Exercise data:
---+---
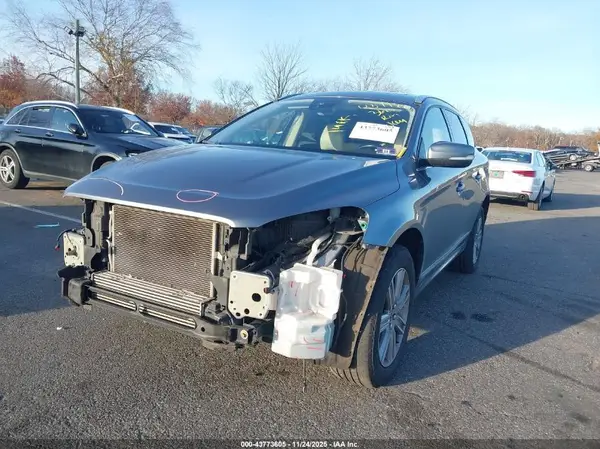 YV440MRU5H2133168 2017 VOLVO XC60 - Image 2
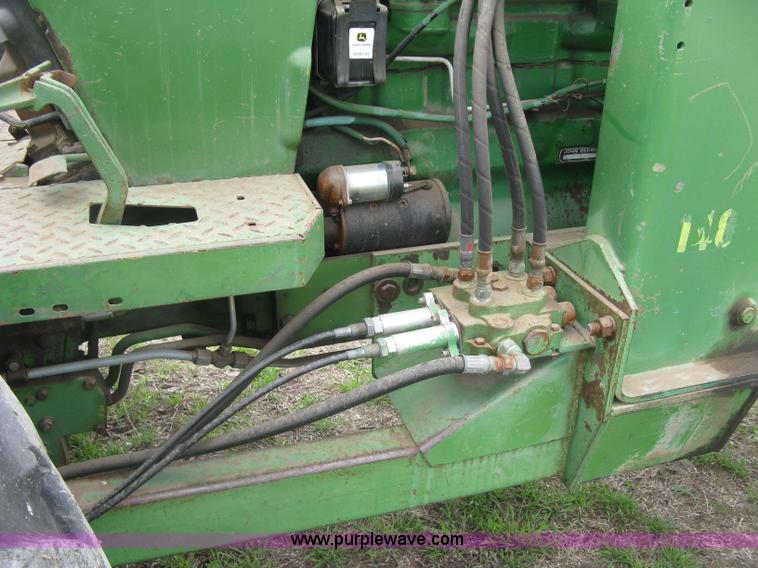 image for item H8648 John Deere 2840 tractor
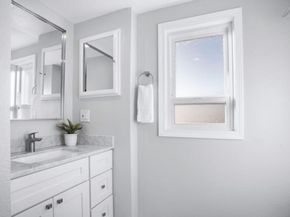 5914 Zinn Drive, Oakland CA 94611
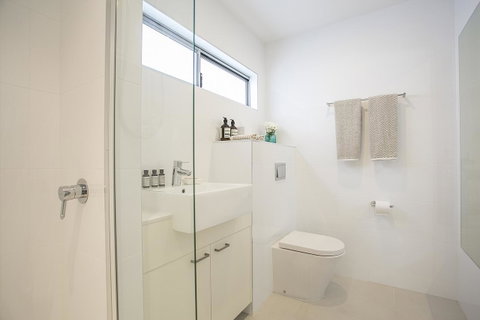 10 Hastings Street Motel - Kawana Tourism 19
---+---
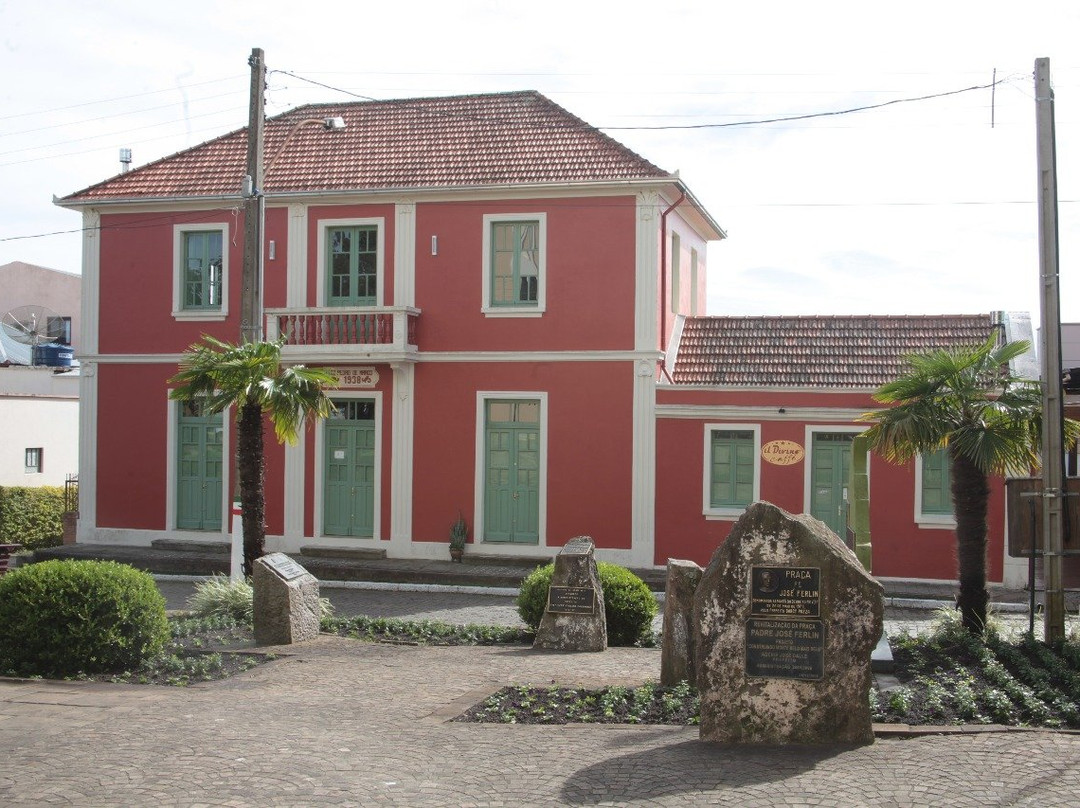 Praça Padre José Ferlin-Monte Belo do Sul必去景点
---+---
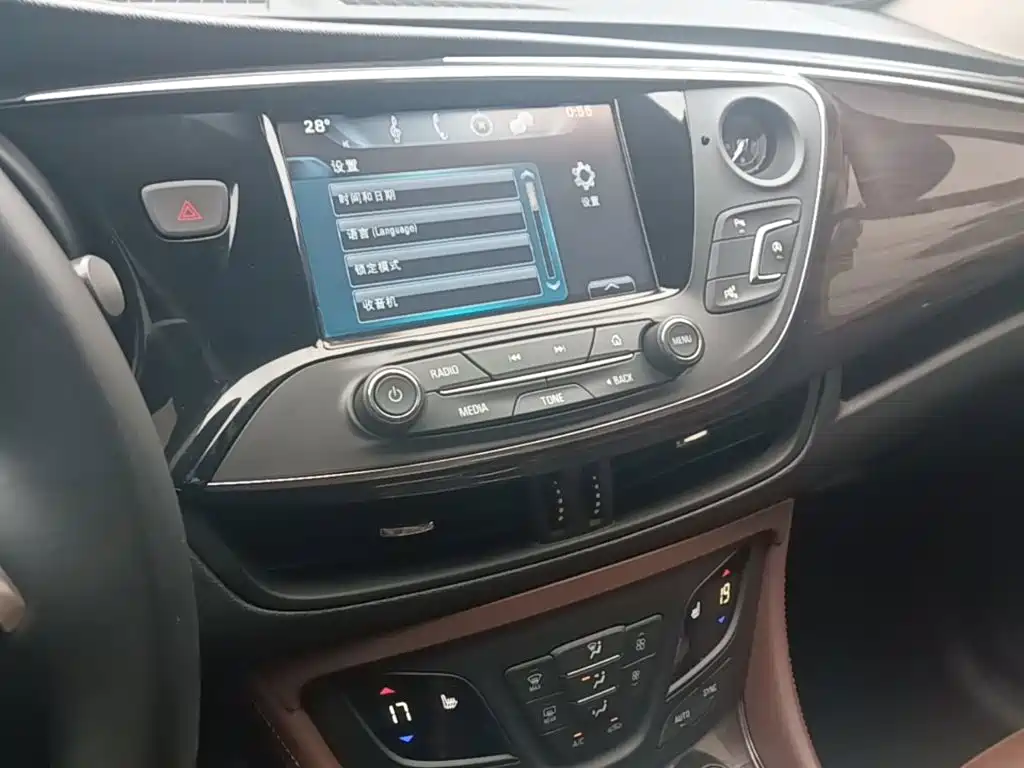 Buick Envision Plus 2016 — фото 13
---+---
What the task requires: Leaving out each picture, repeat exactly the lines above from the one that contains "YV440MRU5H2133168 2017 VOLVO XC60 - Image 2" through the one that contains "10 Hastings Street Motel - Kawana Tourism 19".

Answer section:
 YV440MRU5H2133168 2017 VOLVO XC60 - Image 2
 image for item H8648 John Deere 2840 tractor
 5914 Zinn Drive, Oakland CA 94611
 10 Hastings Street Motel - Kawana Tourism 19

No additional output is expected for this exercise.